= Guy de Montfort, Lord of Sidon =

Lord of Sidon

Guy de Montfort (died 31 January 1228) was the younger son of Simon de Montfort and Amicia, sister of Robert FitzPernel, Earl of Leicester.

==Crusade==
In 1189 he took part in the Third Crusade, and probably remained in the Holy Land until 1192, when Richard the Lionheart returned home. By 1200 or 1201 Guy was acting with his elder brother Simon. By 1202 he held the lordships of Ferté-Alais, Castres-en-Albigeois, and Brétencourt. In that year he and his brother Simon left on the Fourth Crusade, but they disagreed with the Siege of Zara (an attack on a Christian city), and refused to take part in the plan to restore Byzantine Emperor Isaac II Angelus in return for Byzantine money and troops.

They deserted to Emeric, King of Hungary, and eventually the two continued on to Palestine. After arriving at Jaffa, they took part in King Amalric II of Jerusalem's expedition into Galilee. Amalric rewarded Guy's service by arranging his marriage to la dame de Saete (the lady of Sagette), Helvis of Ibelin, the widow of Reginald, Lord of Sidon (which the French called Saete/Sagette). He exercised the regency of Sidon on behalf of his minor stepson Balian until 1210, probably when Balian came of age. Guy then assisted at the coronation of John of Brienne as King of Jerusalem that year.

==Albigensian Crusade==
Guy later returned home and took part in the Albigensian Crusade led by his brother, Simon de Montfort, 5th Earl of Leicester. In 1212 they led an unsuccessful siege against Montségur, and in 1213 they participated in the Battle of Muret. They also besieged Beaucaire in 1216. Simon was aiding Guy, who had been injured by a crossbow bolt, at the Siege of Toulouse on 25 June 1218 when he was struck in the head by a stone from a mangonel and killed. The death of Simon and the incompetence of his son Amaury de Montfort invigorated the Albigensian lords.

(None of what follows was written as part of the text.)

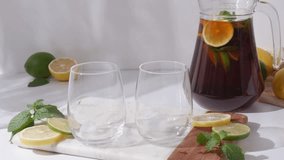 Glass cups and a jug of lemon and lime iced tea on a white table. Sunny day and sharp shadows from glass of lemonade - Powered by Shutterstock - Get 15% off with code: PIKWIZARD15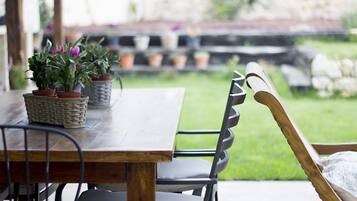 A wooden table with potted plants and a metal chair.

In 1224 Amaury ceded all his territory to Louis VIII of France, who soon arrived to stake his claim. Guy assisted him at the Siege of Avignon, after which Louis died on the way home. Later in the Crusade, Guy himself was killed in battle at Varilhes near Pamiers in 1228. He was taken to the abbey of Haute-Bruyère for burial and the necrology there records a conte Gui de Sagette (count Guy of Sidon).

==Marriage==
By his first wife, Helvis of Ibelin he had;
- Philip Ι, who stayed in the Holy Land and became Lord of Tyre.
- Pernelle, who became a nun at the abbey of Saint-Antoine des Champs in Paris.

Guy remarried to Briende de Beynes, the widow of Lambert de Thury, lord of Lombers.

With Briende he had;
- Alicia, became a nun at Port-Royal
- Agnes, became a nun at Port-Royal
- Guy II of Montfort, died on crusade in 1254.